From “In the Shadow of Hegel” by Colin Harper

The third essay, ‘Skoteinos, or How to Read Hegel’, is in many ways the most interesting in the book as it takes up the question of the difficulty of reading Hegel’s works, considers the experience of engaging with Hegel’s philosophy. Many commentators regard Hegel’s prose as at best poor and at worst wilfully obscurantist. “If only he would have written more clearly” is the often repeated lament. Adorno brilliantly argues that such comments betray a failure to understand the nature of Hegel’s break with previous philosophy. “The norm of clarity holds only where it is presupposed that the object itself is such that the subject’s gaze can pin it down like the figures of geometry.” (p.98) If the clarity of our concepts is to grasp the shadowy nature of a shifting reality, if the labour of thought is to actively cast light on that reality, then thought must capture the shadows of reality rather than simply dispel them. In order to identify objects with adequate concepts, our concepts must paradoxically seek to grasp the nonconceptual that is, or is in, objective reality. Rejecting Wittgenstein’s maxim that “Whereof one cannot speak, thereof must one be silent” as “utterly anti-philosophical”, Adorno claims: “If philosophy can be defined at all, it is an effort to express things one cannot speak about, to help express the non-identical despite the fact that expressing it identifies it at the same time.” (p.102) According to Adorno, it is this paradoxical nature of Hegel’s undertaking, of attempting to grasp in thought that which is other than thought, which gives rise to the difficult style of his works; the style attempts to grasp the content and is not simply a result of incidental factors, such as a whim on Hegel’s part or a simple lack of ability to write clearly.
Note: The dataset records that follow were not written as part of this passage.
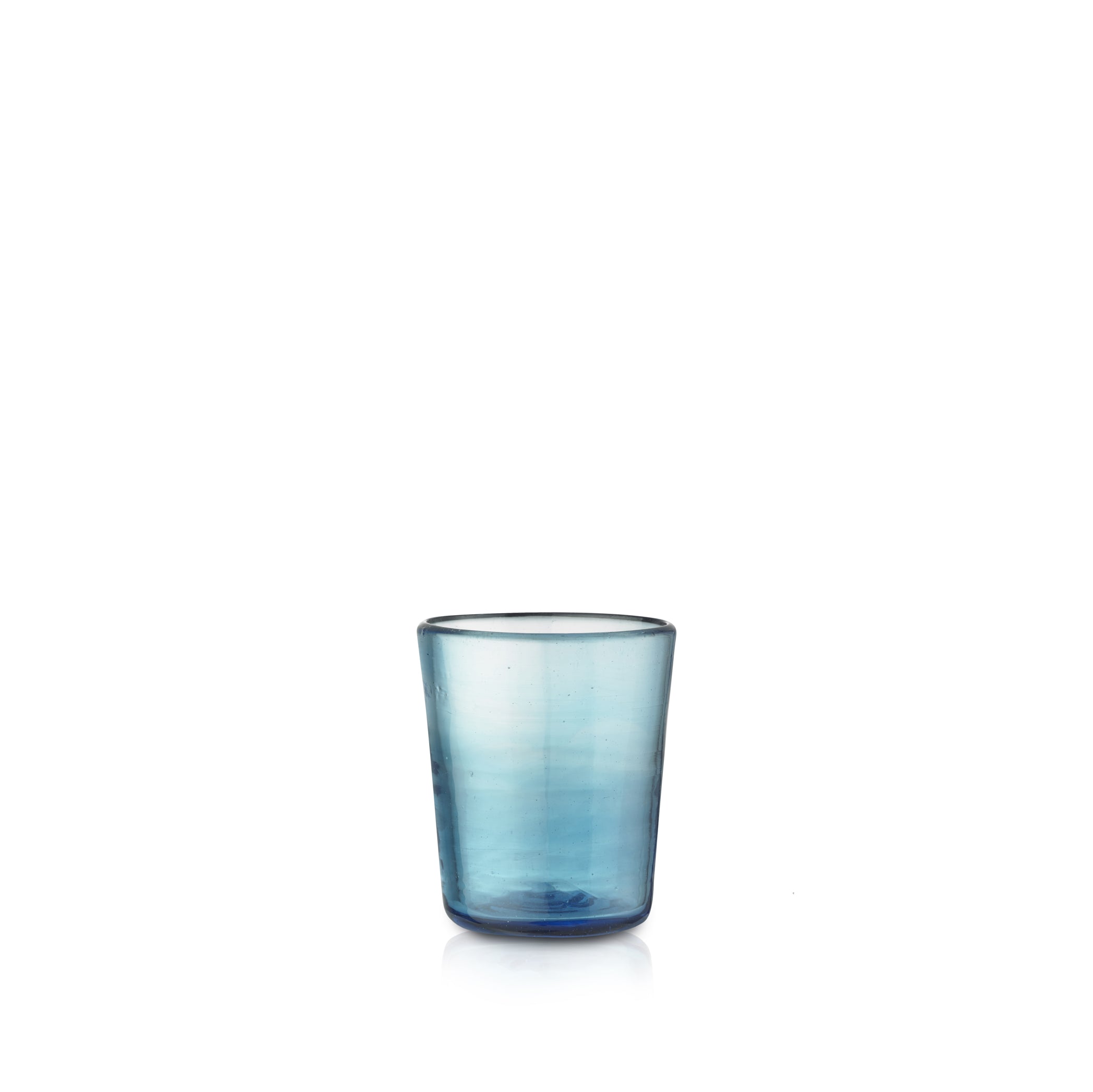 Handblown Small Water Tumbler in Turquoise Blue, 8cm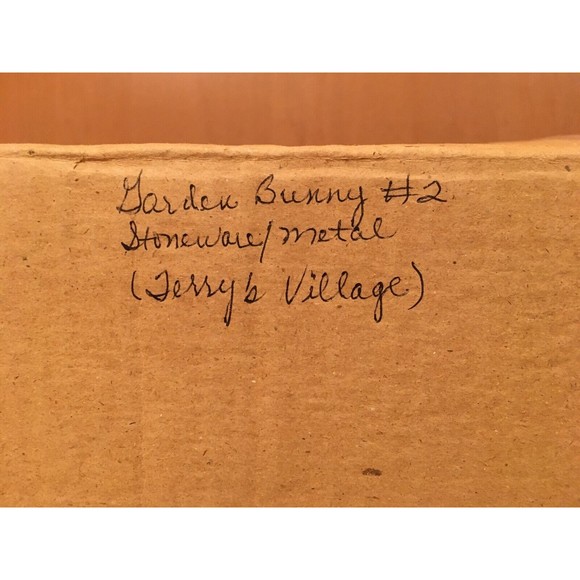 Terry's Village Garden Bunny #2 Stoneware Metal Basket  10" Easter Spring - Picture 10 of 11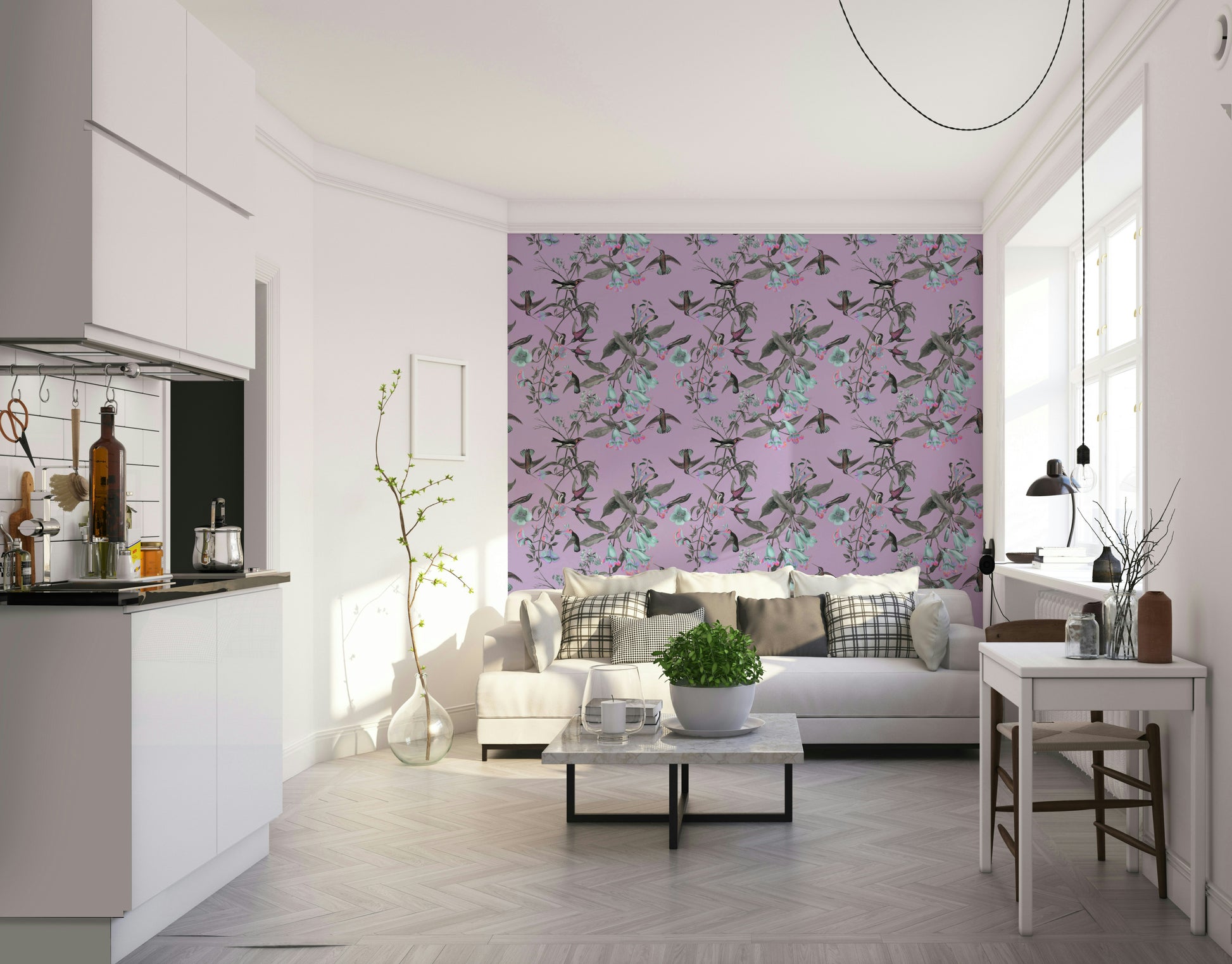 An artistic bird and flower mural on luxury wallpaper.


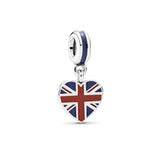 Sterling Silver British Flag Heart Fire Hydrant Helmet Pendant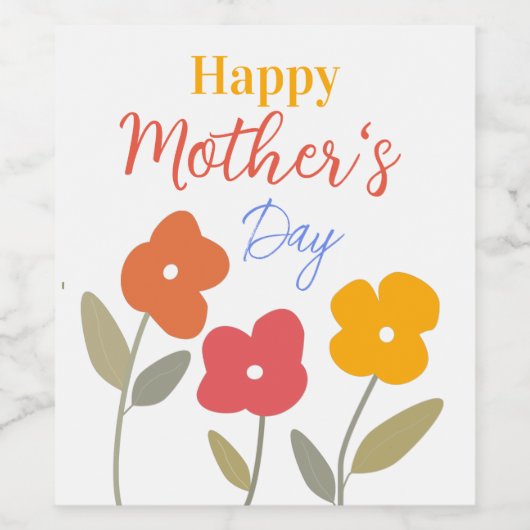 Happy Moederdag Floral Blooms Wijn Etiket (Enkel label)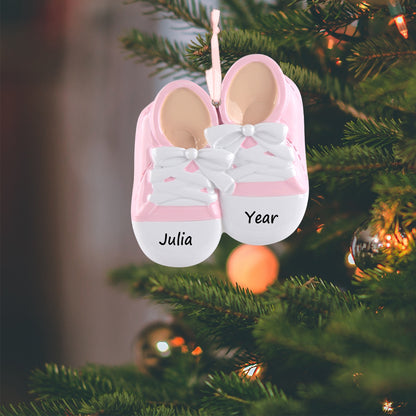 Personalized Pink Baby Shoes Ornament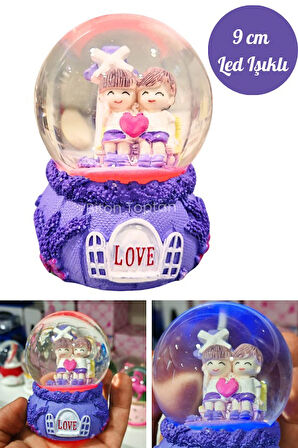 Love Sevgili Çift Temalı Mor 9 cm Orta Boy Led Işıklı Kar Küresi 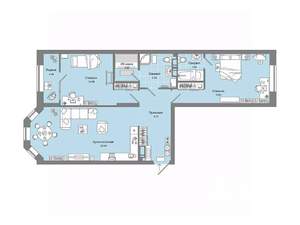 2-к квартира, вторичка, 79м2, 5/15 этаж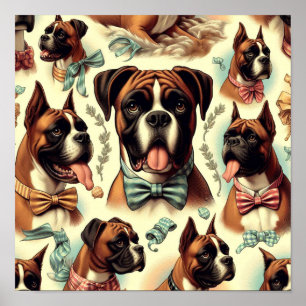 Poster Chien vintage sans soudure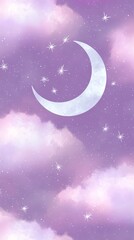 Naklejka premium Crescent moon and stars in purple sky. 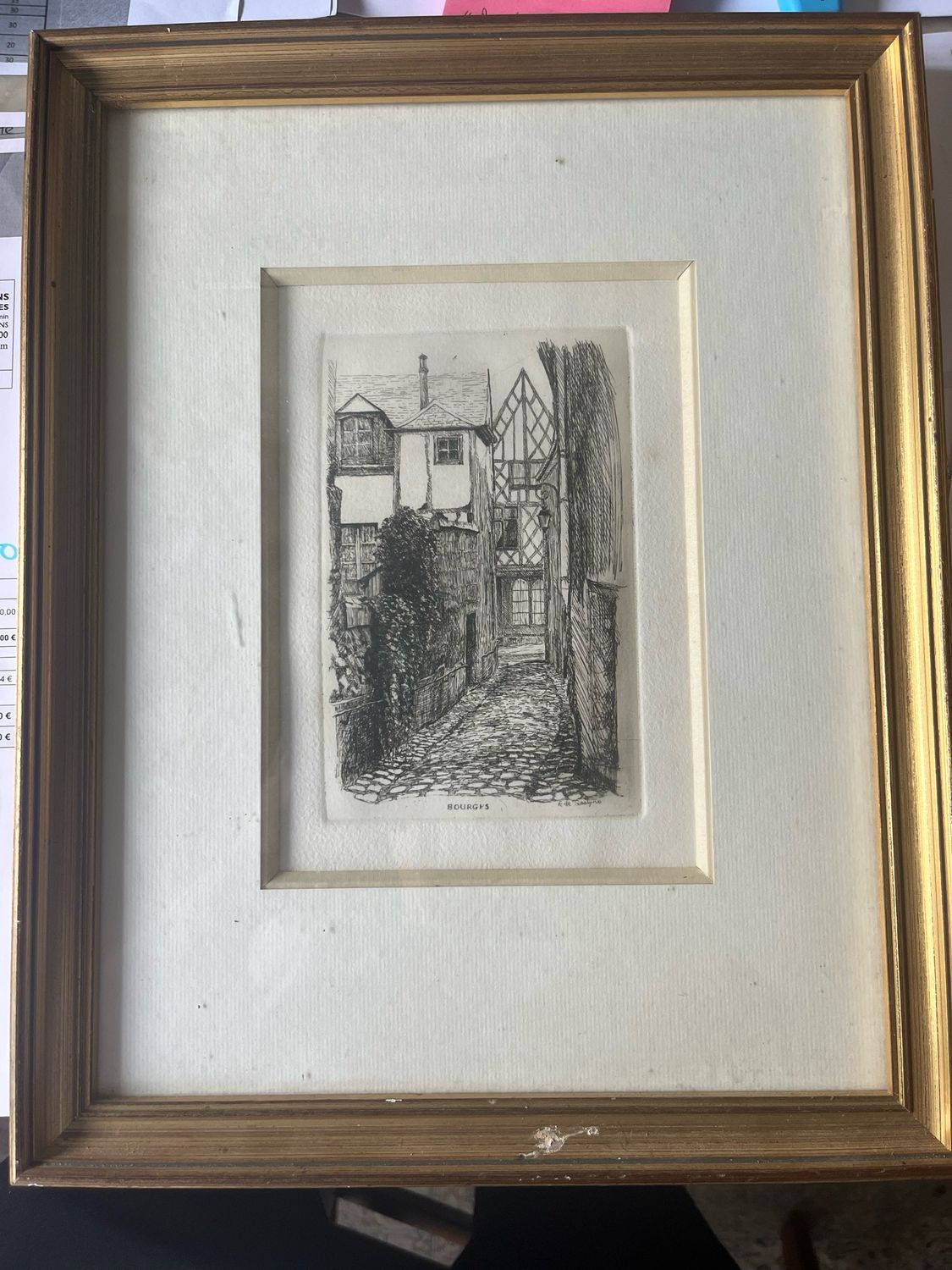 E. DE GASTYNE (XXe): Bourges. Eau-forte. Signé et titré - 36,5 x 29 cm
The attempt to express the truth in the tension between the clarity of the concept and that which is unclear is ‘clearly’ not an abandonment of clarity as a goal. It is also, however, “not the same thing as the vague and brutal commandment of clarity, which for the most part amounts to the injunction that one speak the way others do and refrain from anything that would be different and could only be said differently.” (p.106) In Adorno’s view, Hegel is thus not to be criticised for writing in the manner he did, but rather for believing that he had more success in his undertaking than he actually had.